440: Clause 82, page 52, line 34, after “persons” insert “(whether before or after the regulations are made)”

441: Clause 82, page 52, line 46, after “persons” insert “(whether before or after the regulations are made)”

Amendments 440 and 441 agreed.

Clause 82, as amended, agreed.

Amendment 442

Moved by

442: After Clause 82, insert the following new Clause—

“Sharia-compliant student finance: deadline

The Secretary of State must introduce a Sharia-compliant student finance scheme to be available to students expecting to enter tertiary education in the autumn of 2018.”

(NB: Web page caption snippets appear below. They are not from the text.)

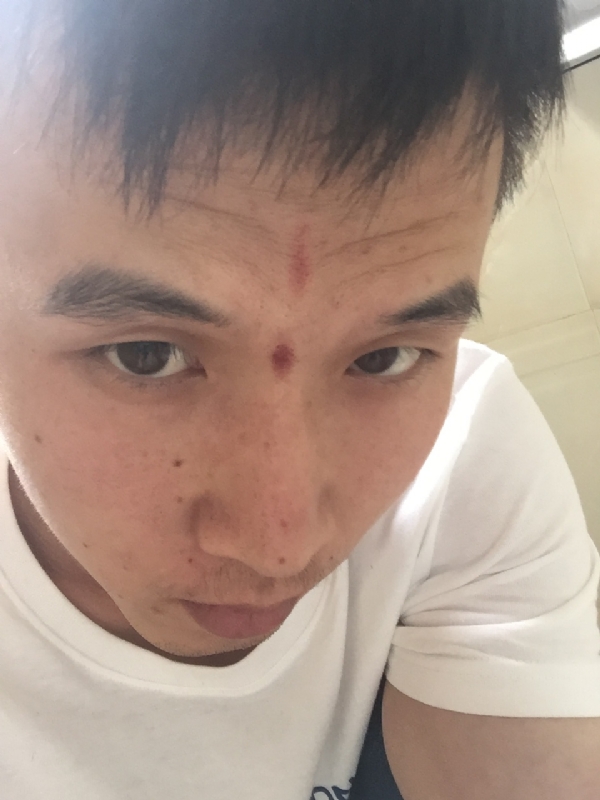 爱晴的第一张照片--泰宁征婚网
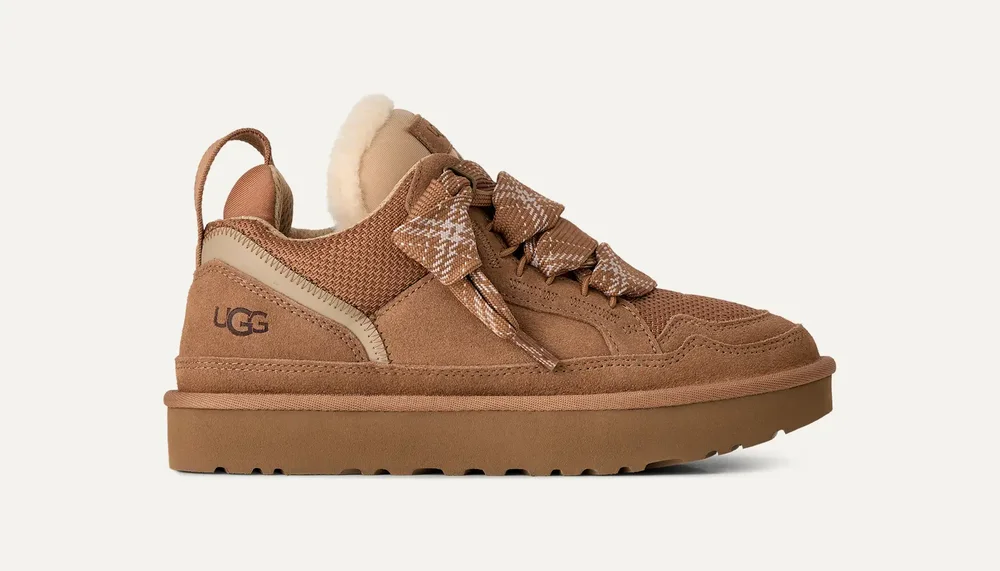 Lowmel Sneaker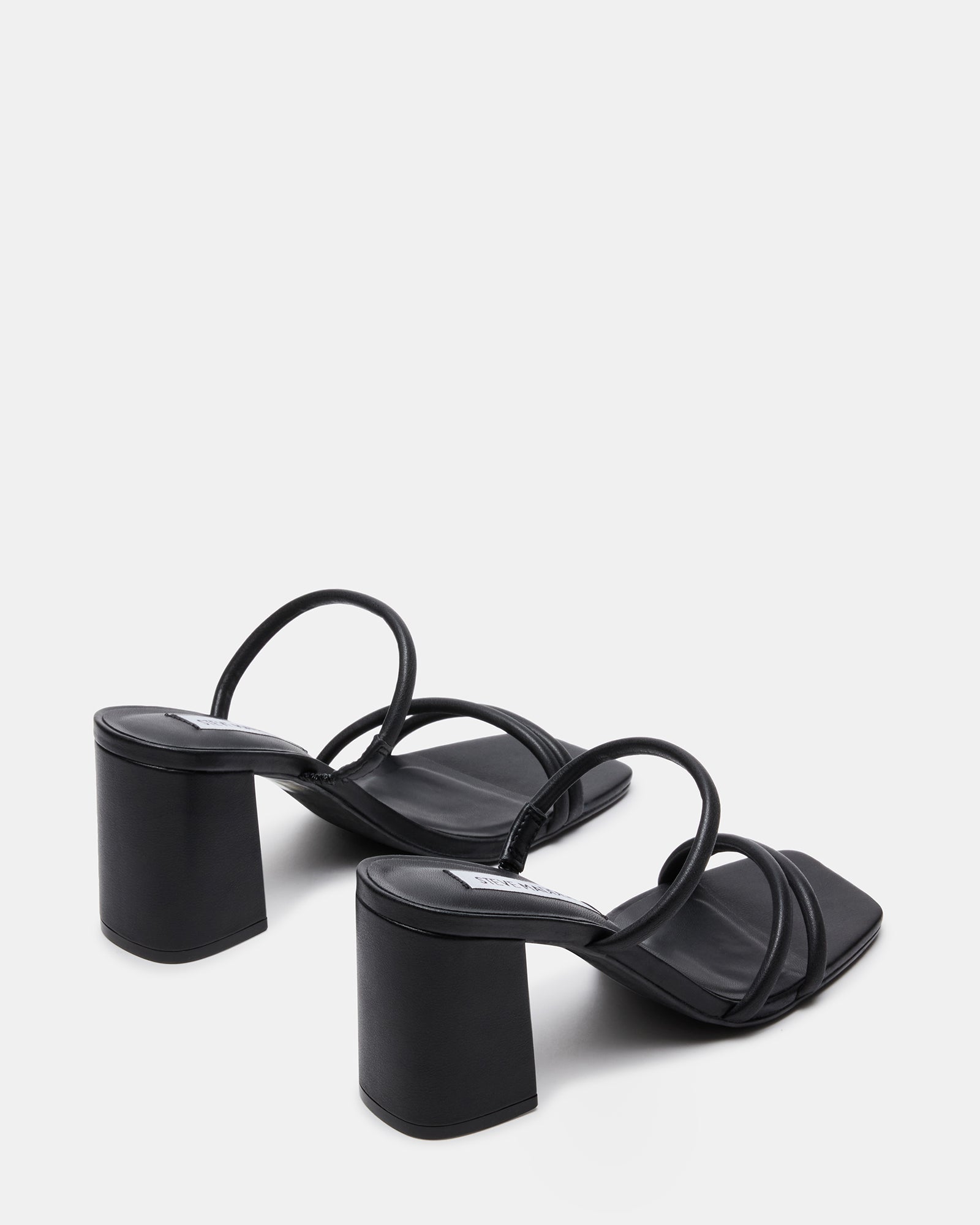 AVANI BLACK - SM REBOOTED-Cool A Warm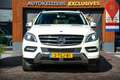 Mercedes-Benz ML 350 M-klasse AMG panorama dach Harman/Kardon Weiß - thumbnail 3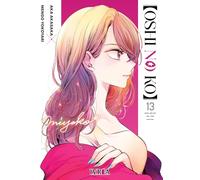 Oshi No Ko 13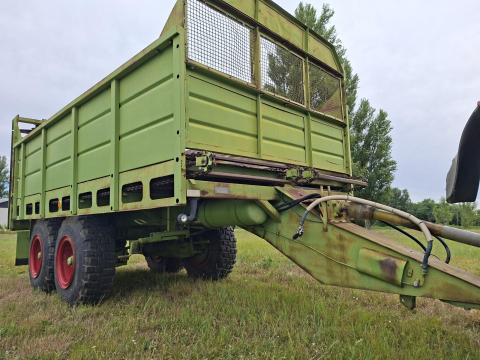 T088 trágyaszóró Tiszakécskén T088 trágyaszóró Tiszakécskén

I am grateful to the noble Lords, Lord Cormack, Lord Willetts and Lord Watson, and the noble and learned Lord, Lord Mackay of Clashfern, for speaking to this amendment. I would say in passing to the noble Lord, Lord Willetts, that his own consultation answers the point he made, as it points out that the unattractiveness of conventional student loans is a matter of major concern to many Muslims. That is the point I was trying to make—and it is still of major concern.

I was going to answer the noble Lord, Lord Watson, in a slightly more prolix way than did the noble and learned Lord, Lord Mackay, but I think the noble and learned Lord made the point very eloquently about the commencement date.

I am extremely disappointed by the Minister’s response, which was so vague and non-committal that it seems to send a message to the Muslim community that it is entirely possible that the next two cohorts of your children will not be able to take a student loan. That is an unsatisfactory situation, as it was nearly five years ago. I am extremely disappointed that the Government have not proposed any method of speeding it up. I acknowledge the point about IT failures, but that is a universal truth. I am not convinced by the apparent complexity that the Government are relying on as a cause for this delay. I have talked to Islamic experts—some of whom were involved in designing the scheme—who have told me explicitly that the scheme itself is judged to be sharia-compliant, and the problem is only one of administration within the Student Loan Company and HMRC. A delay caused by an administrative failure in those agencies is not a good reason to deprive two cohorts of children of funding to go to university.

As I say, I am very disappointed by the Minister’s response. Will the Minister agree to meet me and other interested parties before Report to see whether we can find a way out of an extremely unsatisfactory situation? I do not see a response from the Minister, but perhaps he did not hear what I said. I was inviting him to agree to a meeting with me and other interested parties to discuss whether we can find a way out of this unsatisfactory situation. Since I still do not get a response, I assume that the answer is no—and I shall inquire on Report why that is the case. For the moment, I beg leave to withdraw.

We have run into a slight procedural problem, in that Amendments 440 and 441 in a previous group were moved formally when they should have been moved properly and debated. Given that they are of a relatively trivial nature, we can pass over that—unless the noble and learned Lord, Lord Mackay, has read them quickly and found that devastating little point that he always brings in at this stage. We can move on, but we should be a bit more careful in future on that procedural point.

Technically, the noble Lord, Lord Sharkey, spoke to Amendment 442 as part of the earlier group, but the Deputy Chairman has now called the amendment, so it would be appropriate if the Minister made a brief response and then we can move on.